**DATA IN THIS EXERCISE:**
* * * * * * * * *
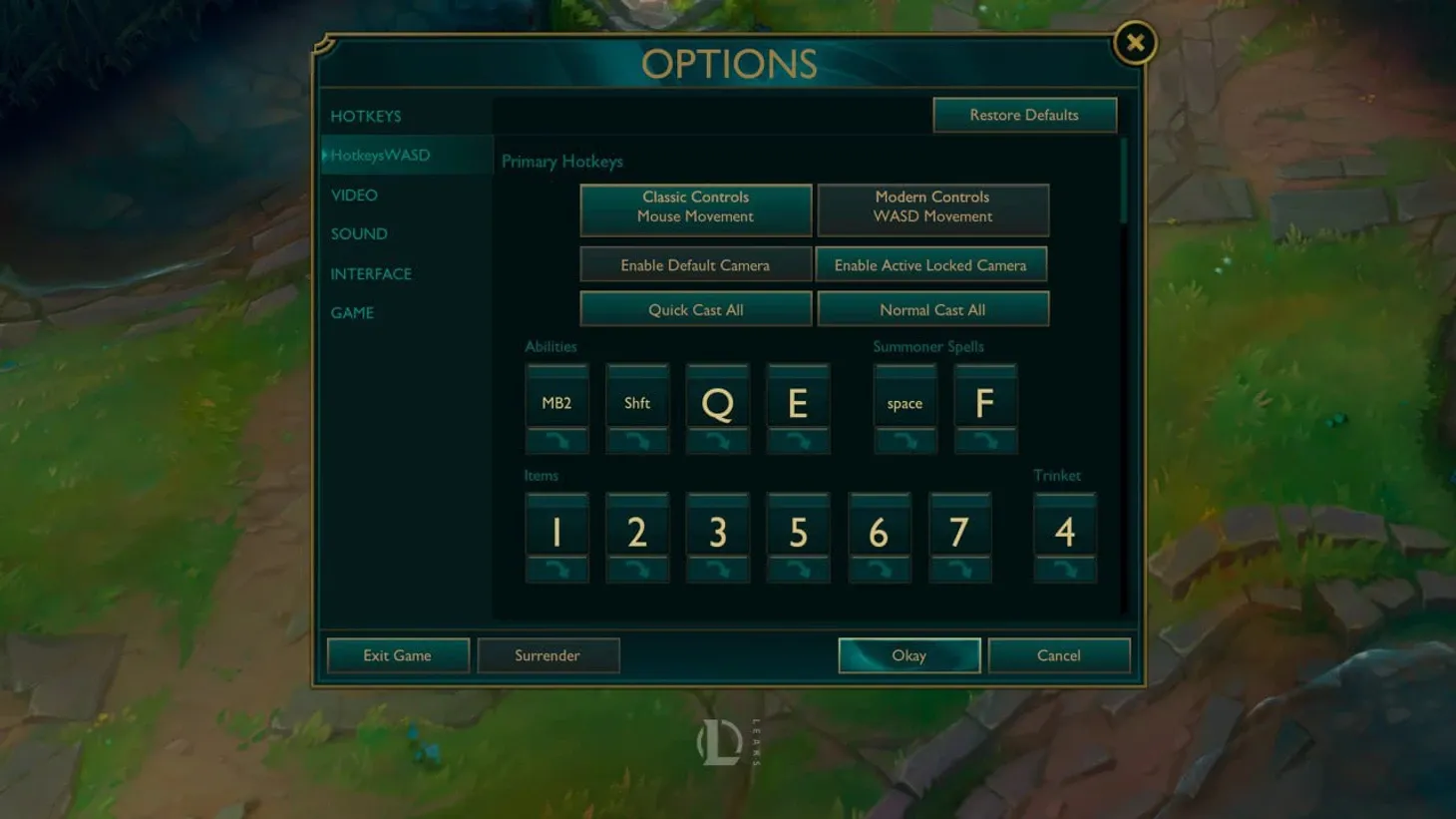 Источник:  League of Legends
* * * * * * * * *
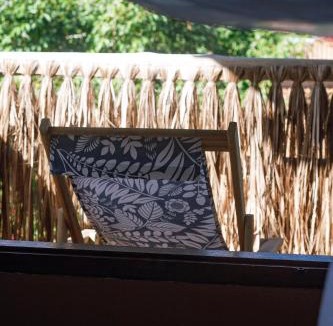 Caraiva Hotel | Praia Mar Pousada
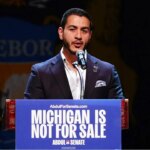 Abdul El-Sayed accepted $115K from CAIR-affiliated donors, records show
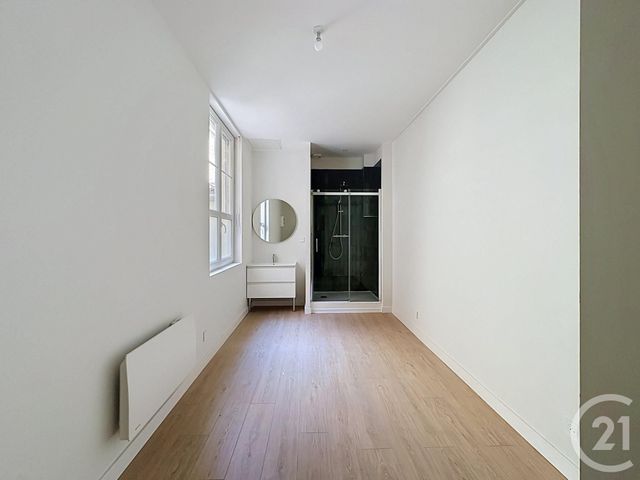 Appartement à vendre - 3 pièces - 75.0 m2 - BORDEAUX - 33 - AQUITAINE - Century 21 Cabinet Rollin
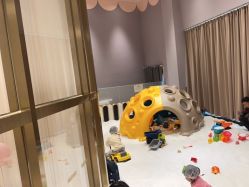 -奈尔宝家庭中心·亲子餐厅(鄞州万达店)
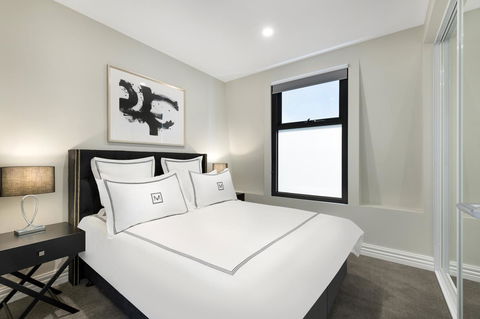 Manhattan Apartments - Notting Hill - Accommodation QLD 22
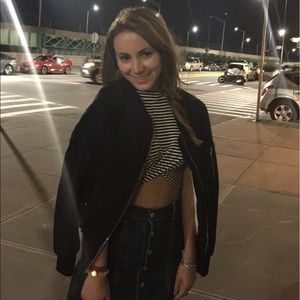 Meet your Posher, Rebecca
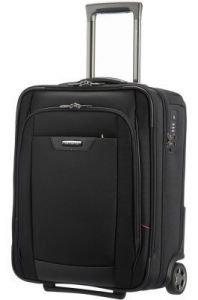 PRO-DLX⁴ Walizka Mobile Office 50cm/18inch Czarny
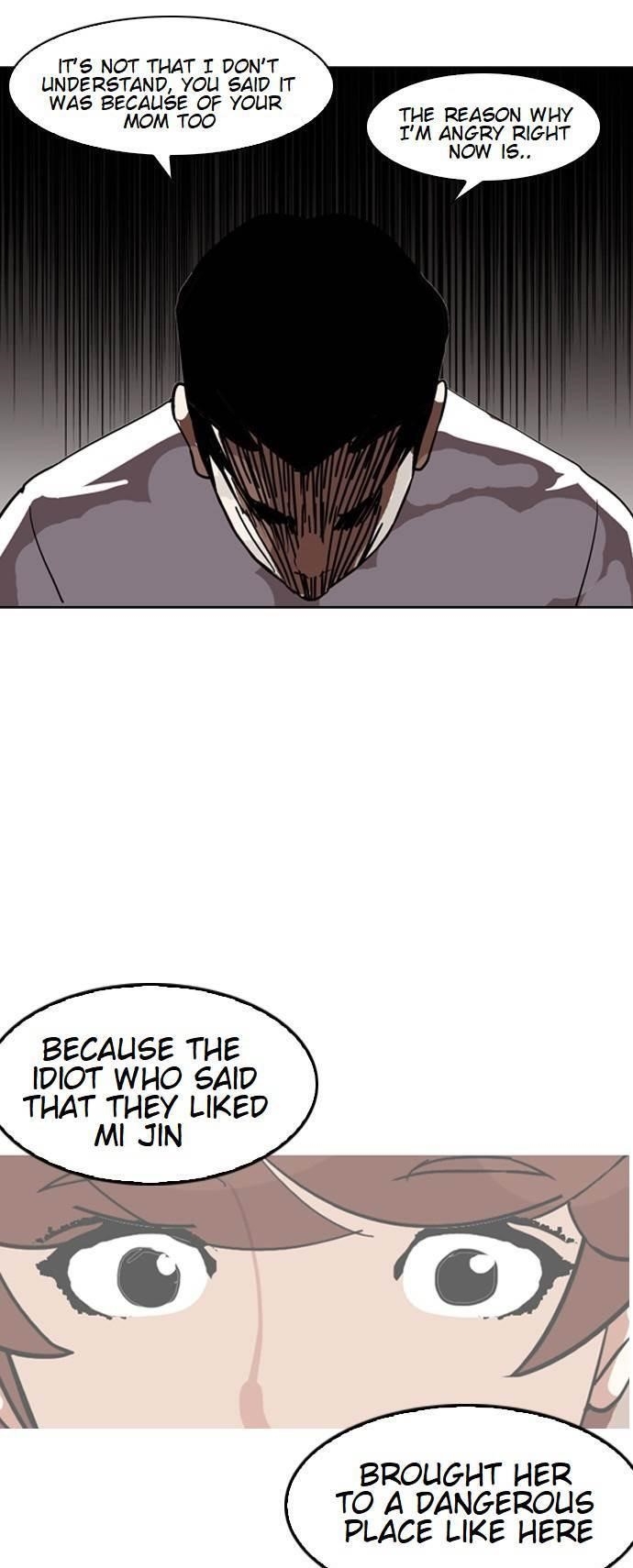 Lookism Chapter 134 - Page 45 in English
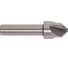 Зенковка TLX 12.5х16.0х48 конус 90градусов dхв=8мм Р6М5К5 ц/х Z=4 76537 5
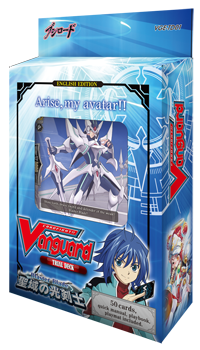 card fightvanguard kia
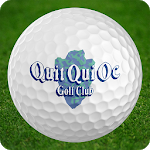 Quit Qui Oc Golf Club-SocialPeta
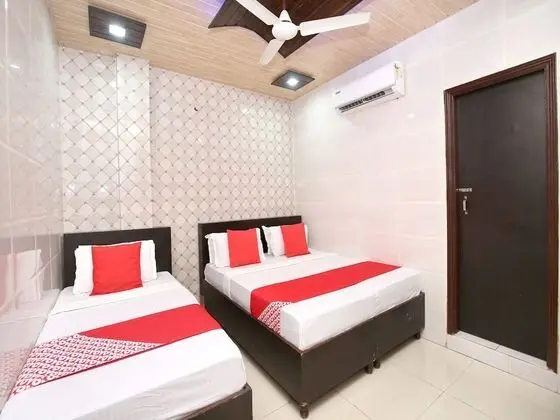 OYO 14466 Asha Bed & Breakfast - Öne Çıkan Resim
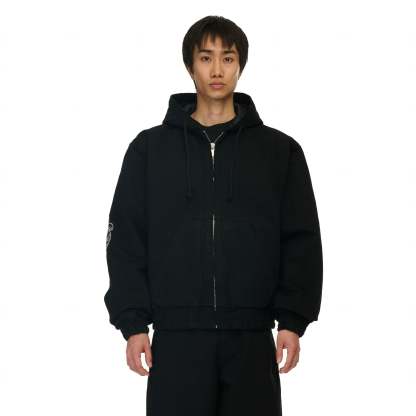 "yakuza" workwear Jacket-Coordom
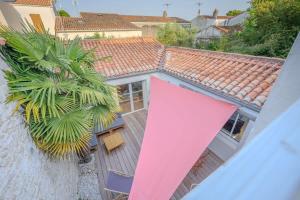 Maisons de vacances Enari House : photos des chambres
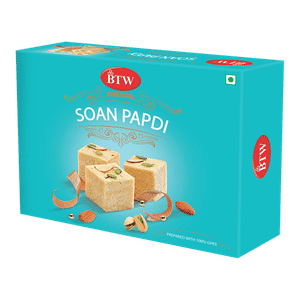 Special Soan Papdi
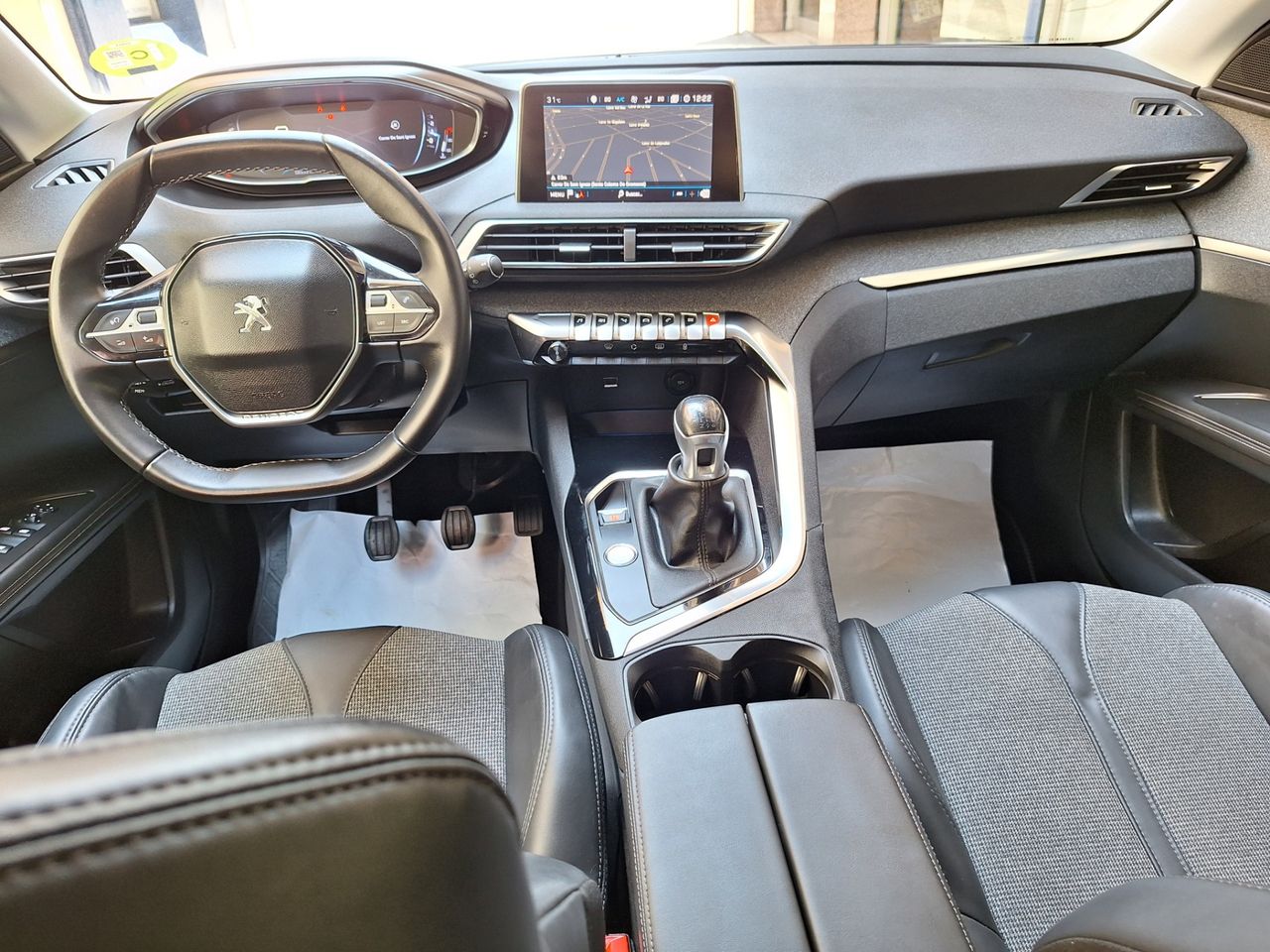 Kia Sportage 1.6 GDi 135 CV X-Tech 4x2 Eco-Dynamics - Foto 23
* * * * * * * * *
**INSTRUCTIONS TO FOLLOW:**
Exactly the lines starting at the one above with "Зенковка TLX 12.5х16.0х48" and ending at the one with "Kia Sportage 1.6" should be printed, and nothing else. Omit the pictures.

**YOUR SOLUTION:**
 Зенковка TLX 12.5х16.0х48 конус 90градусов dхв=8мм Р6М5К5 ц/х Z=4 76537 5
 card fightvanguard kia
 Quit Qui Oc Golf Club-SocialPeta
 OYO 14466 Asha Bed & Breakfast - Öne Çıkan Resim
 "yakuza" workwear Jacket-Coordom
 Maisons de vacances Enari House : photos des chambres
 Special Soan Papdi
 Kia Sportage 1.6 GDi 135 CV X-Tech 4x2 Eco-Dynamics - Foto 23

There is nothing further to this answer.